Given my connection with this place, in 2021, it was emotional for me in a way to watch this forest be gone. The feeling that became fascination as the logging company came in and did their work. I had never observed this process of industrial logging from beginning to end. I began to meet and chat with foresters preparing the road for future truck use.
After operations started, First I first introduced myself and then only visited when operations were halted.
Today after the logging there is trail building underway. The logging road now is wildland access for people and their horses.
Questions abounded for me then that could be answered just by watching. Just how will this place be impacted by the logging and machines? The soils, that seasonal pond I found. Will the following winters reveal more damage or will recovery be rapid? What happens to the ferns and mosses and shrubs and the frogs that sang there before their communal catastrophe?
I have learned a lot and I have started to look at this mountainside with its mosaic of tree stands, differently.
I met an old logger up there, a retired gentleman who spent his career up here on this mountain. He drives there in his red truck and just like me just to spends some time in the old clear cut. We're chatted several times.. One time he said to me, 'This place should never be logged again'.
During the fall and winter before the logging began the Olsen Creek bridge was replaced. It was a great time to meet the DNR people. I’ll be writing a story about new bridge, the two prior bridges and their fates for Stewart Mountain Stories.
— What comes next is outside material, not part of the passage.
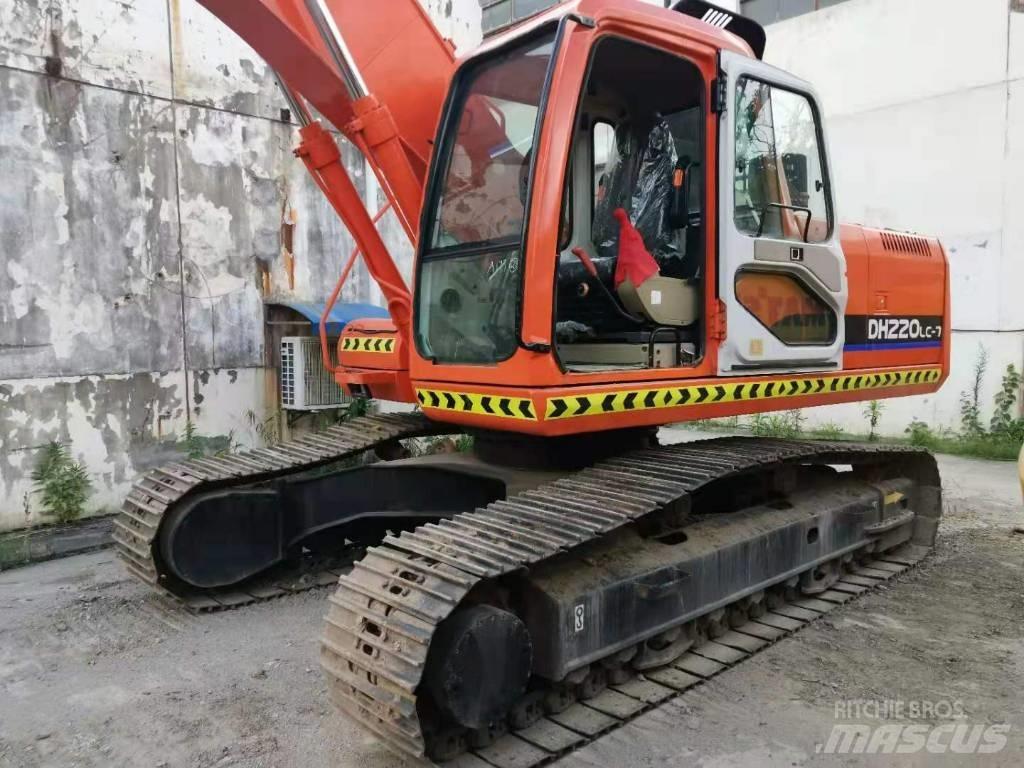 Doosan DH 220 LC-7 履帶式 挖土機/掘鑿機/挖掘機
This Olsen Creek logging road, for 3 years prior I had been riding my electric bike up there for nature study and exercise. Both sides of the valley, it's a mosiac of recovering forests. Some natural recovery some replanted. One place, in 50 foot doug fir trees with open fern understory where 55 years ago that I grew a few pot plants among a christmas tree size forest.
Same place, no kidding it’s a humbling sensation to realize that the forest has grown around me, no, it’s a feeling of priviledge.
Rich, Thanks for writing this. Important for people to track history of places. I am still a promoter of forest understory agriculture. With different successional patterns over time. Nice to hear you are still riding bikes and observing forests. Love, for our old times together.